Exercise goal: Keep the pictures out. Write out every line of the listing exactly.

---*---

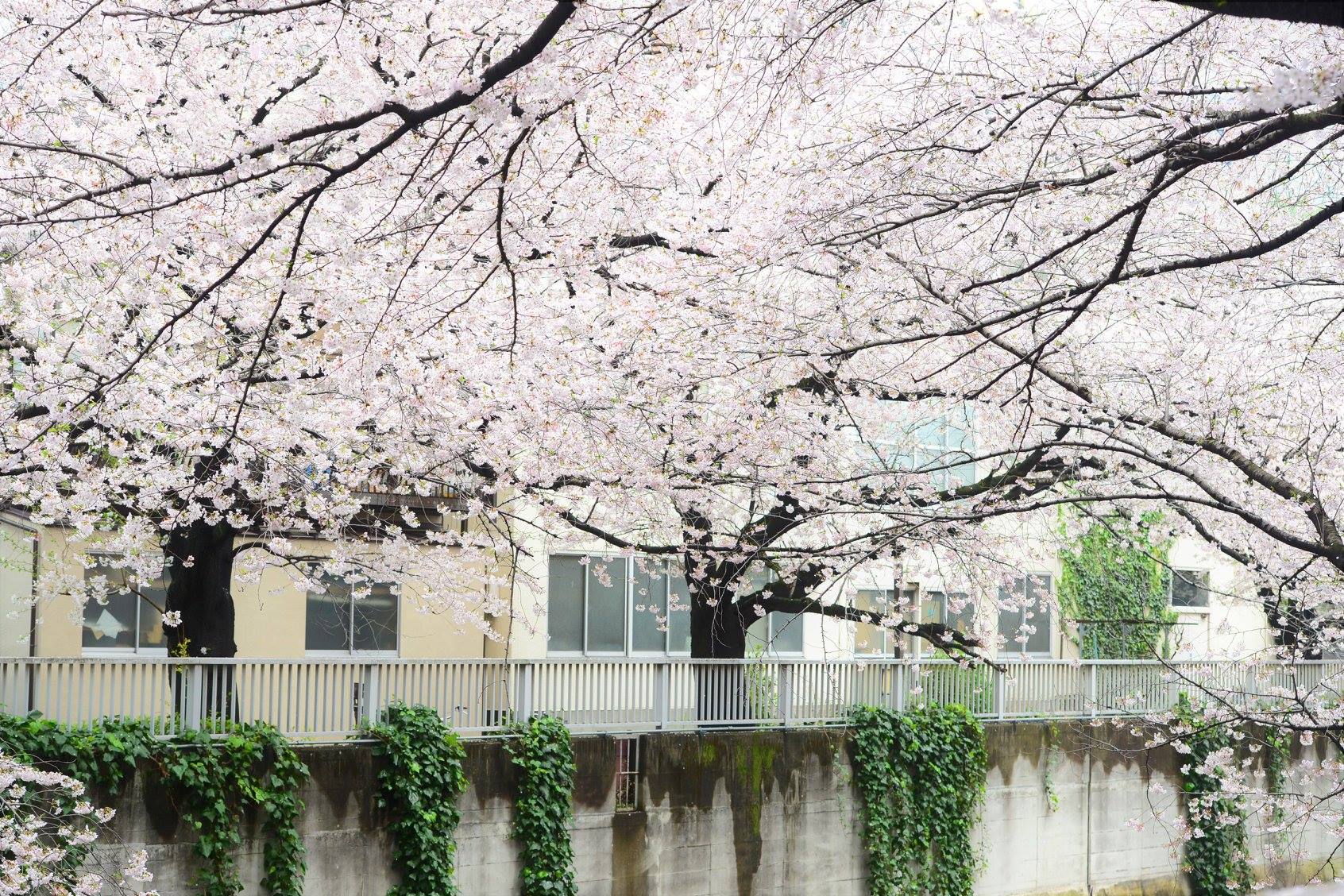 27628559_1921127084882947_3289132557687456229_o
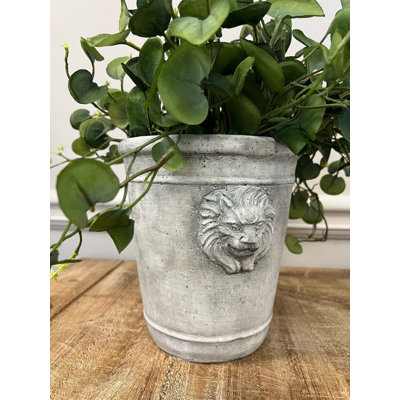 Lion Head Concrete Pot Planter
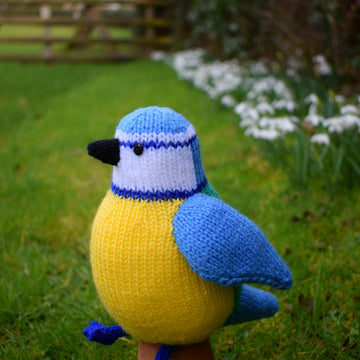 Beverley the Blue Tit
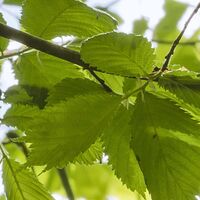 Fototapeet Im Frühlingswald SHX9-045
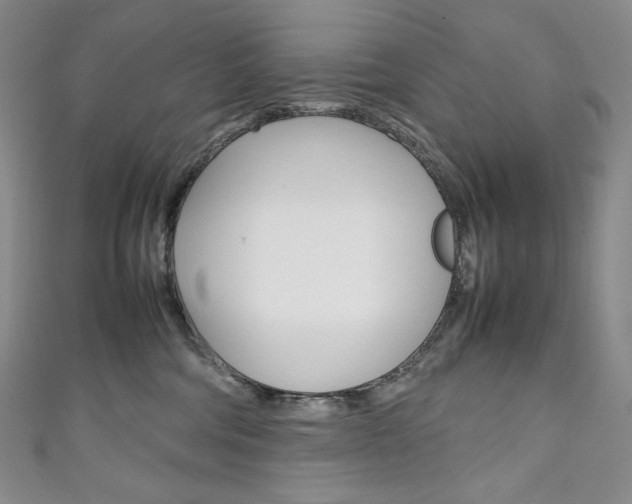 X0000111140330200906301022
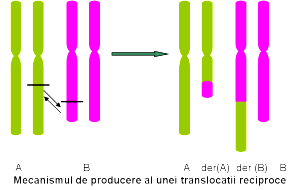 translocatie reciproca echilibrata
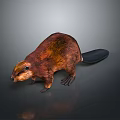 Realistic Beaver 3D Model With Brown Fur And Broad Black Tail On Gray Background 3d model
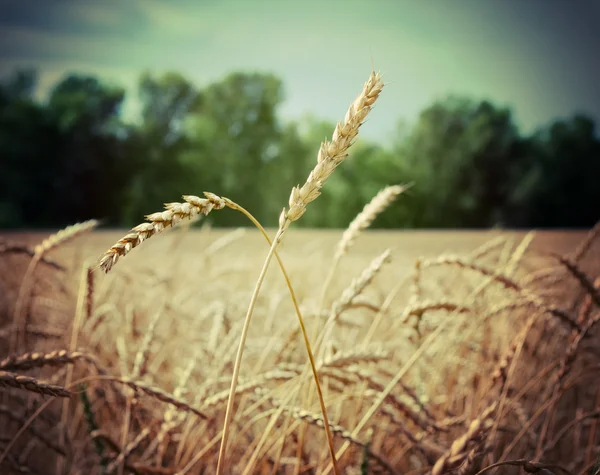 Buğday kulaklar — Stok fotoğraf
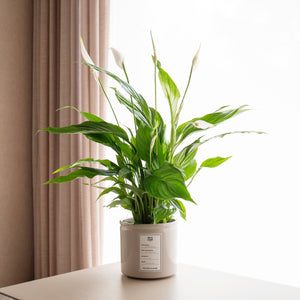 Spatifilium - Omotesandō Plants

---*---

Task output:
 27628559_1921127084882947_3289132557687456229_o
 Lion Head Concrete Pot Planter
 Beverley the Blue Tit
 Fototapeet Im Frühlingswald SHX9-045
 X0000111140330200906301022
 translocatie reciproca echilibrata
 Realistic Beaver 3D Model With Brown Fur And Broad Black Tail On Gray Background 3d model
 Buğday kulaklar — Stok fotoğraf
 Spatifilium - Omotesandō Plants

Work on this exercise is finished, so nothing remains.